Yes, of course there are other people involved and a few things happen.  Diane Wiest joins the cast as Becca’s mother, also a grieving mother who lost her own son.  Tammy Blanchard and Giancarlo Esposito show up as Becca’s “irresponsible” sister and boyfriend, who happen to be unexpectedly pregnant.  Sandra Oh is in the group the couples attend to help them deal with their grief.  It’s a terrific cast and each supporting player performs admirably with the material they’re given.  Diane Wiest is especially touching as Becca’s grief whipping boy.

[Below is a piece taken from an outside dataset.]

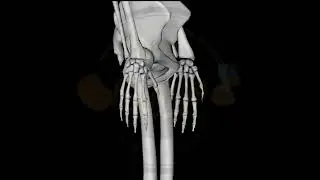 İskeletimiz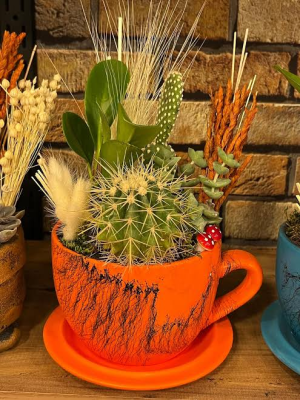  Malatya Çiçek - kaktüs sukulent aranjmanı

Yet with all this talent the movie is a void.  Nicole Kidman plays her now trademarked cold, distant and mean character.  We’ve seen it so many times now that Becca just melds with all the other unpleasant people she’s played.  It’s really, really hard to connect with Becca making it really, really hard to connect with the movie.

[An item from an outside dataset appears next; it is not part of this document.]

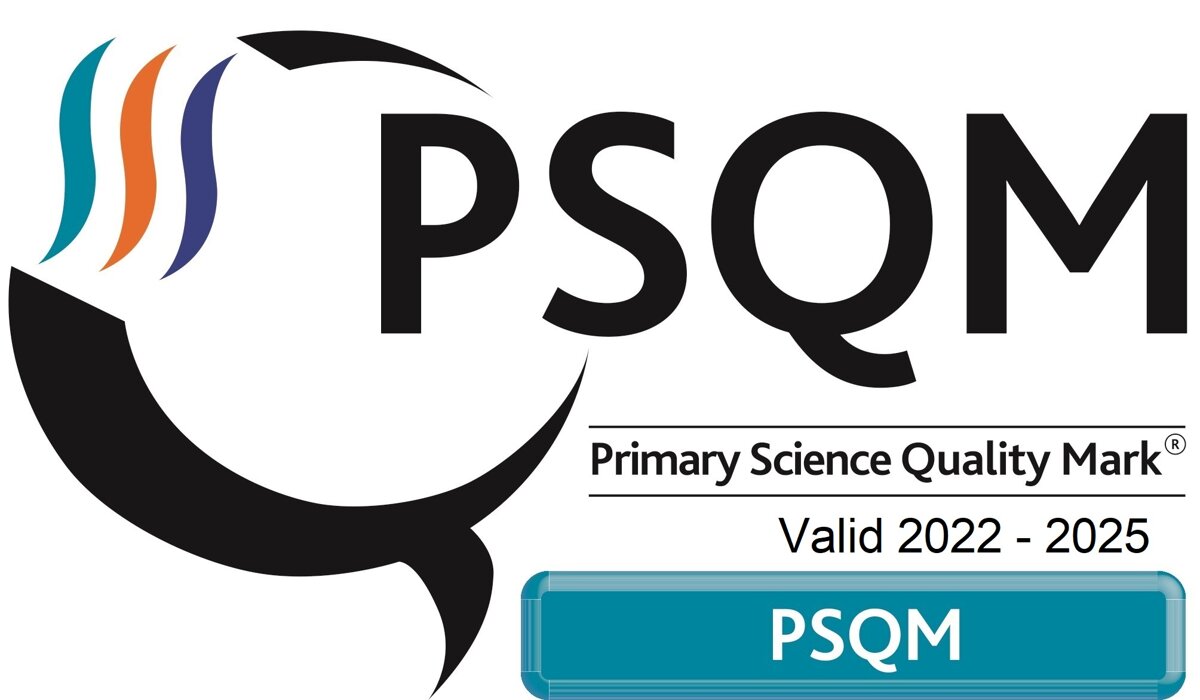 Image of WMS Awarded Primary Science Quality Mark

Eckhart does better.  Howie is more open with his emotions, frustrated with Becca but still in love with his wife.  He has no idea how to grieve or how to help his wife, nor will she let him.  She shuts him out like she shuts everything out, with a snide remark or angry dismissal.  But because so much of the screen time is spent with Becca, Eckhart can’t quite carry the emotional weight of the film.  He tries and his performance is terrific but the rest of the movie pulls him down.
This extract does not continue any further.